Exercise brief: Restate each entry below exactly; pictures stay out of the copy.

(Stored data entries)
━━━━━━
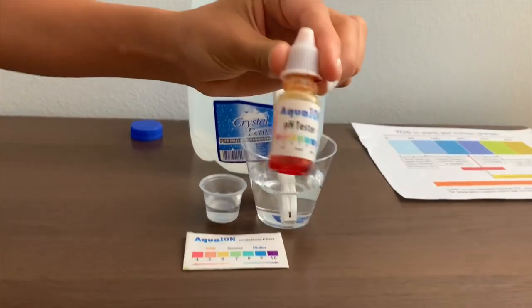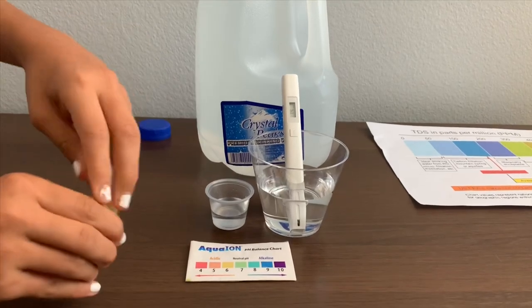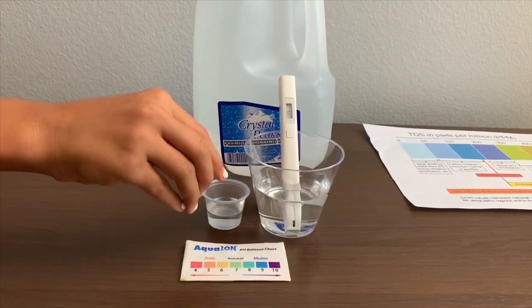Now let's test the pH level. If you want to buy this pH tester, check the link down below. Make sure you do two drops only.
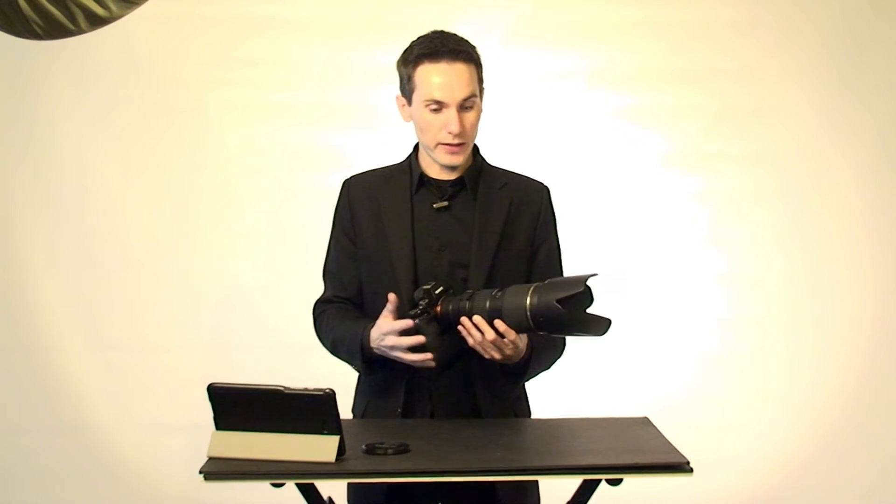So I sent Tamron an email and asked them if they knew what was going on. Apparently it's a known issue. They basically said that their lenses are not compatible with the A7, A7R, or lens mount adapters — surprise, surprise. That's strange because it works with mine but not with some other people's. They implied they might fix it at some point in the future, but right now they're not really working on it.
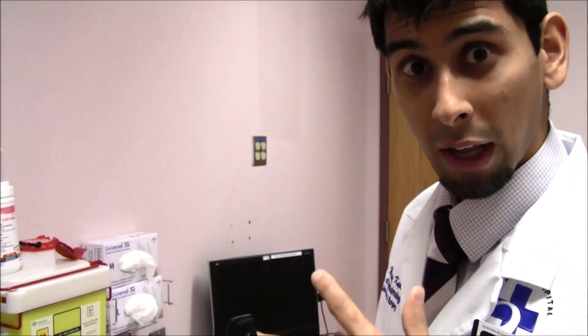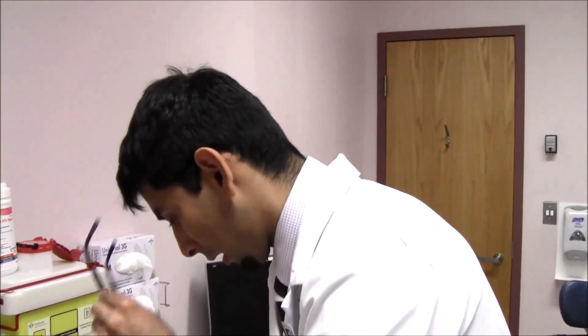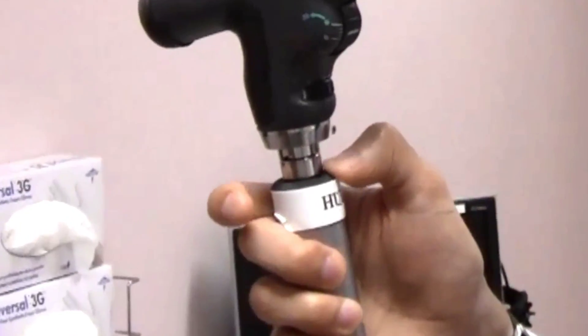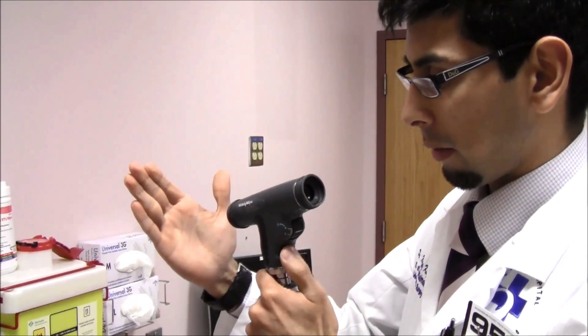Let's go ahead and look at how to start using the panoptic ophthalmoscope. I'm going to set the direct ophthalmoscope down and pick up the panoptic ophthalmoscope. Once again, to turn it on, depress the green and rotate, and you'll see that the light is present.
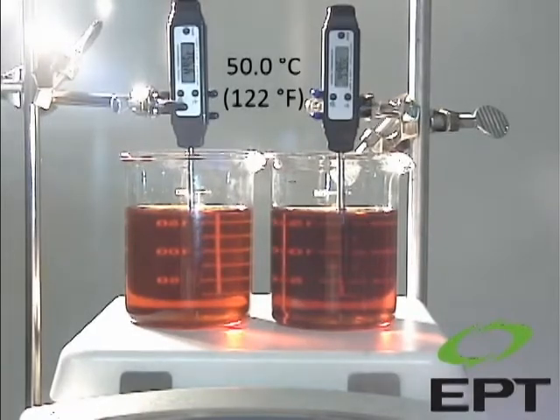The following demonstration is designed to emulate how lubricant varnish forms when a gas turbine shuts down and the lubricant cools.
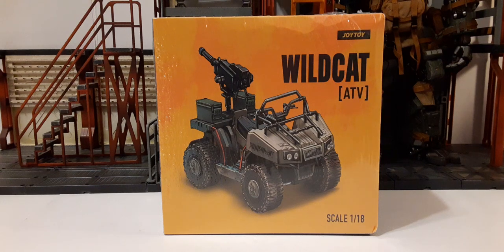Welcome back to another action figure review. In this review, we're going to be taking a look at the new Joy Toy Wildcat ATV. This has been running for a long time since people started seeing product shots of these things and other Mecha Depot displays, and they're finally out.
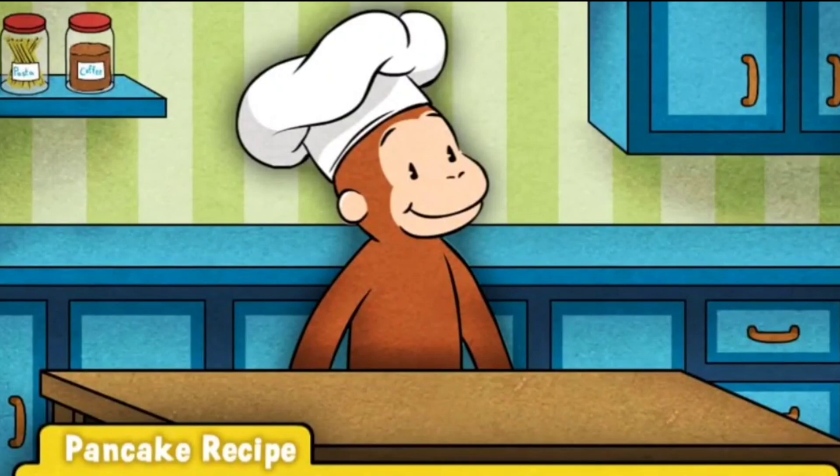George loves pancakes, don't you? Let's follow George's recipe to cook up a stack of delicious pancakes.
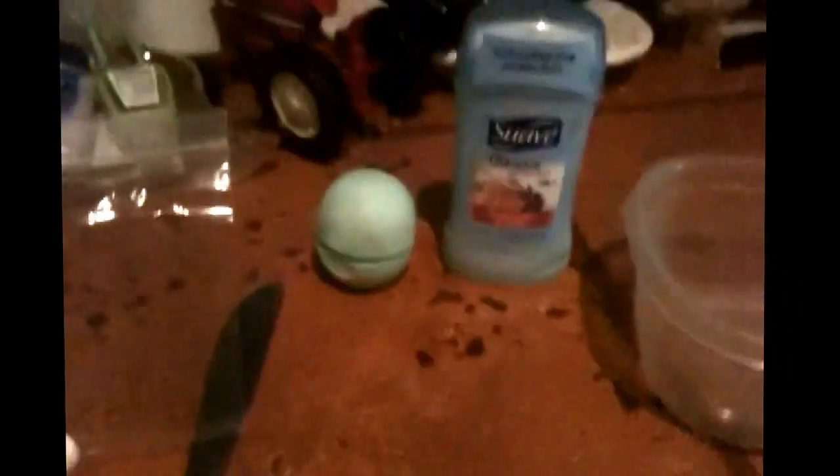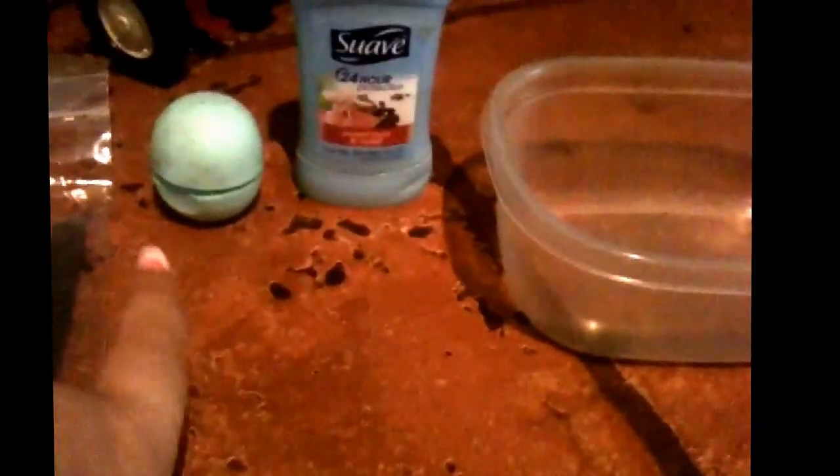What you need for this DIY is a Ziploc bag, a butter knife, an EOS or a container of your choosing, a stick of deodorant, and a microwave-safe bowl.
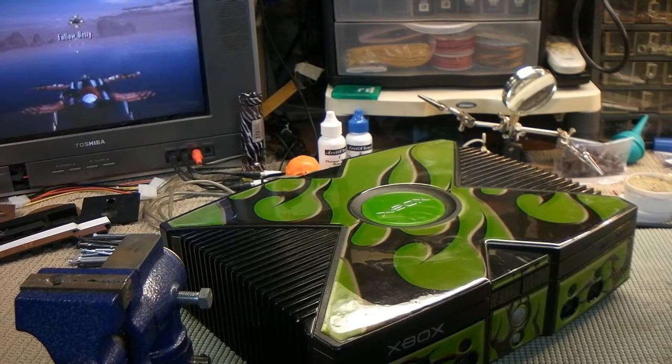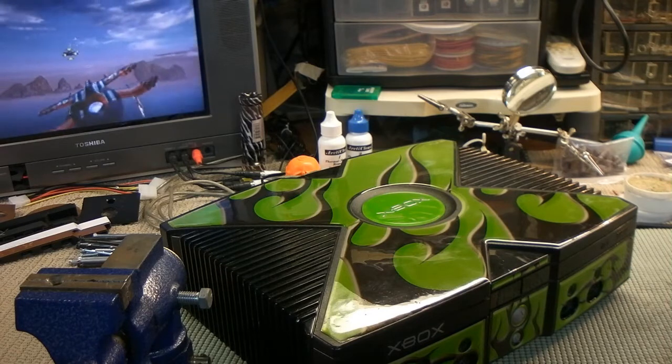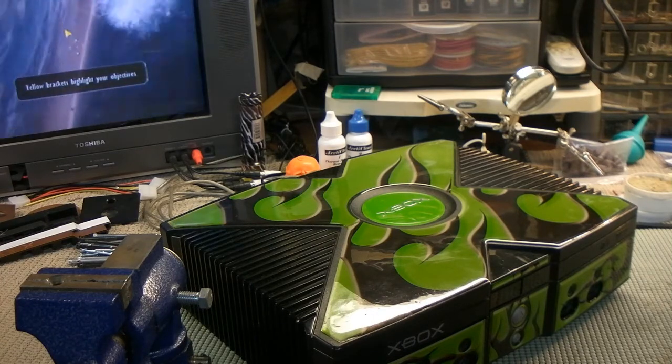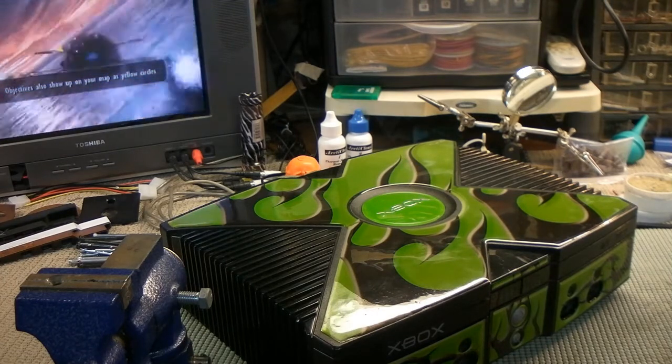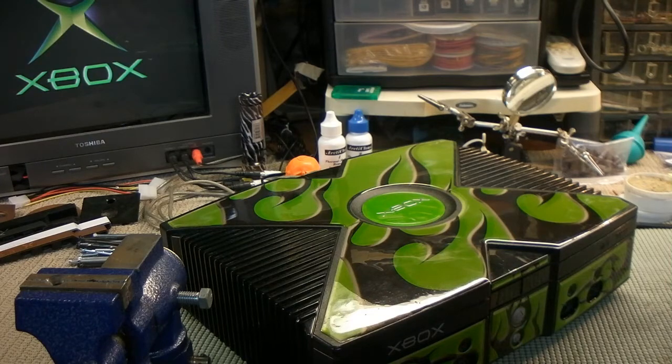I don't know about you guys, but that looks like a working Xbox to me. Well that's it for now — one broken Xbox, came out pretty good. It was just eBay junk, but you know, one man's trash is another man's treasure. So this is pretty cool — we're going to save this for a future episode, we're going to mod this thing up, and from there I don't know what will happen to it, we'll see.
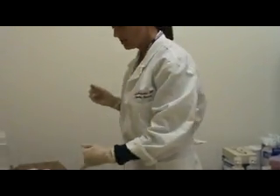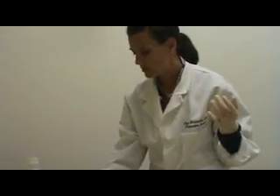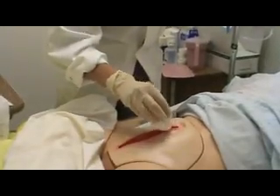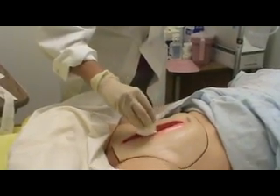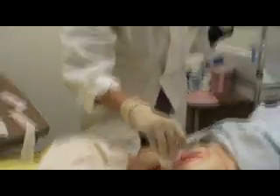Then I am going to take — now this is no longer sterile so it is okay if I reach over — I'm going to pick up my dry 4x4 and then pat the wound bed to remove any excess saline that may have gotten in the wound bed with the cleaning.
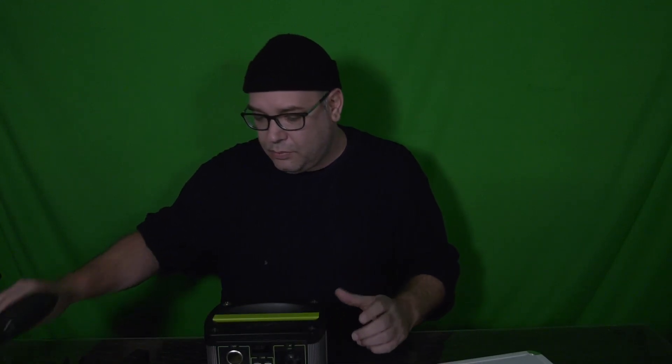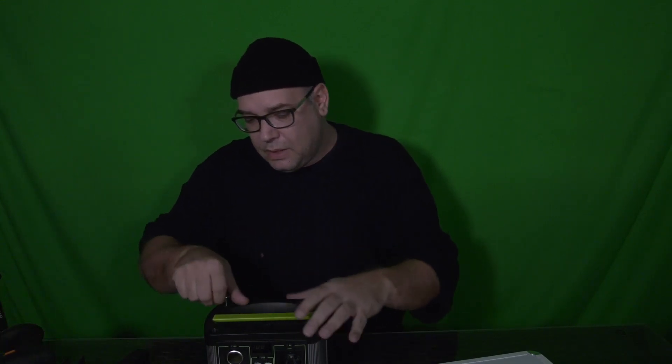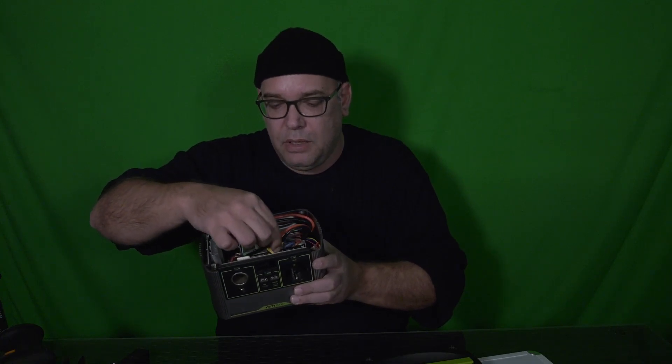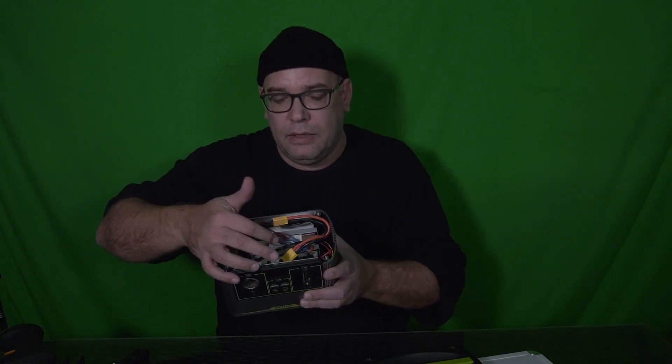You can open the screws on the top — I've already done three of them. Open up the whole box and inside you can see all the circuits and electronics. This is the battery, and these are the different transformation circuits to get the 120-watt output and the various USB voltages you need. There is one cable — normally it's a little hidden below — that you can disconnect.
━━━━━━
Result of the task:
Now let's test the pH level. If you want to buy this pH tester, check the link down below. Make sure you do two drops only.
So I sent Tamron an email and asked them if they knew what was going on. Apparently it's a known issue. They basically said that their lenses are not compatible with the A7, A7R, or lens mount adapters — surprise, surprise. That's strange because it works with mine but not with some other people's. They implied they might fix it at some point in the future, but right now they're not really working on it.
Let's go ahead and look at how to start using the panoptic ophthalmoscope. I'm going to set the direct ophthalmoscope down and pick up the panoptic ophthalmoscope. Once again, to turn it on, depress the green and rotate, and you'll see that the light is present.
The following demonstration is designed to emulate how lubricant varnish forms when a gas turbine shuts down and the lubricant cools.
Welcome back to another action figure review. In this review, we're going to be taking a look at the new Joy Toy Wildcat ATV. This has been running for a long time since people started seeing product shots of these things and other Mecha Depot displays, and they're finally out.
George loves pancakes, don't you? Let's follow George's recipe to cook up a stack of delicious pancakes.
What you need for this DIY is a Ziploc bag, a butter knife, an EOS or a container of your choosing, a stick of deodorant, and a microwave-safe bowl.
I don't know about you guys, but that looks like a working Xbox to me. Well that's it for now — one broken Xbox, came out pretty good. It was just eBay junk, but you know, one man's trash is another man's treasure. So this is pretty cool — we're going to save this for a future episode, we're going to mod this thing up, and from there I don't know what will happen to it, we'll see.
Then I am going to take — now this is no longer sterile so it is okay if I reach over — I'm going to pick up my dry 4x4 and then pat the wound bed to remove any excess saline that may have gotten in the wound bed with the cleaning.
You can open the screws on the top — I've already done three of them. Open up the whole box and inside you can see all the circuits and electronics. This is the battery, and these are the different transformation circuits to get the 120-watt output and the various USB voltages you need. There is one cable — normally it's a little hidden below — that you can disconnect.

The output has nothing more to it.